After several days, Hassans wrote and explained the Foxwhelp and Caprikat shareholding, but only up to a point. The letter described a Cayman Islands investment fund, owned by Norseville and Burford in Panama, whose true ownership was masked by a nominee shareholder, and a chain of beneficial ownership reaching through foundations and trusts in Liechtenstein, Gibraltar, and the BVI.
The letter did not disclose the identity of the real people behind the web.
“… possibility of being fined or our licence being revoked or suspended for noncompliance …”
Having had enough, Mossack Fonseca’s Jennifer Mossack wrote to say it was resigning from Foxwhelp, Caprikat, Norseville and Burford “based on the lack of due diligence information provided by you. We stand the possibility of being fined or our licence being revoked or suspended for noncompliance with the relevant legislation in the jurisdiction of BVI and Panama.”

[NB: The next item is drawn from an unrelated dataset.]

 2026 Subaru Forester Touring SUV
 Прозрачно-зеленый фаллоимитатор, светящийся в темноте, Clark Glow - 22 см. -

It was only then that Hassans disclosed that Willcox and the family of Gertler were behind the structure, with 10% and 90%, respectively.
The news came as a relief to one senior Mossack Fonseca staffer: “If these are really their clients, we are speaking about very high-profile and worldwide-known entrepreneurs. The fact that they are doing business in Africa makes their position difficult. We would need to analyse further, but it is good to know that they are not machine guns (sic) criminals.”
By this stage, however, the BVI’s Financial Investigations Agency was asking questions, demanding all due diligence information, particularly in respect of Khulubuse Zuma. A copy of his passport and various bills were passed on.
But the agency still required the share register of the investment fund that owned Foxwhelp and Caprikat. Nearly a year later, Mossack Fonseca complained that this was never received.
According to one final email before it dumped the four Gertler-linked companies, Jennifer Mossack complained: “Hassans has proven to be unco-operative, secretive, and dishonest with us as they hid the identity of their client and are apparently assisting him with his asset protection.”
Willcox says he has never heard of Mossack Fonseca, Norseville, or Ranna Investments, an entity the documents indicate held his intended stake.
“Hassans fully complies …”
His lawyer Rael Gootkin says: “It is possible that it could have been part of Fleurette’s initial structuring to offer such a shareholding to our client. This factually never materialised.”
He says Fleurette approached Willcox in 2010 “to find an industry partner and/or a capital partner to develop the oil blocks”.
In response to questions this week, the Gibraltar firm says: “Hassans fully complies with all local and international standards regarding ownership disclosures and [know your client] practices.
“Details regarding ultimate beneficial ownership was made available to Mossack Fonseca at all times.
“We understand that the only item of due diligence outstanding was the register of members of the [investment fund], which, as explained, could not be provided, as the fund had not been launched.”
A Mossack Fonseca statement says: “Before we agree to work with a client in any way, we conduct a thorough due-diligence process. We follow both the letter and spirit of the law. Because we do, we have not once in nearly 40 years of operation been charged with criminal wrongdoing.”
- “… nothing in this illegally obtained cache of documents suggests we’ve done anything wrong or illegal… – Mossack Fonseca “
A spokesperson for the Fleurette group says: “Businesses all over the world use special purpose vehicles in their corporate structures for a variety of reasons. Fleurette uses companies incorporated offshore to ensure tax efficiency.”
Khulubuse Zuma’s role remains a mystery. Fleurette says: “Mr Zuma did have some early involvement as a signatory for the companies, at a time when it was expected that he would have a greater role to play; however, that role did not materialise.”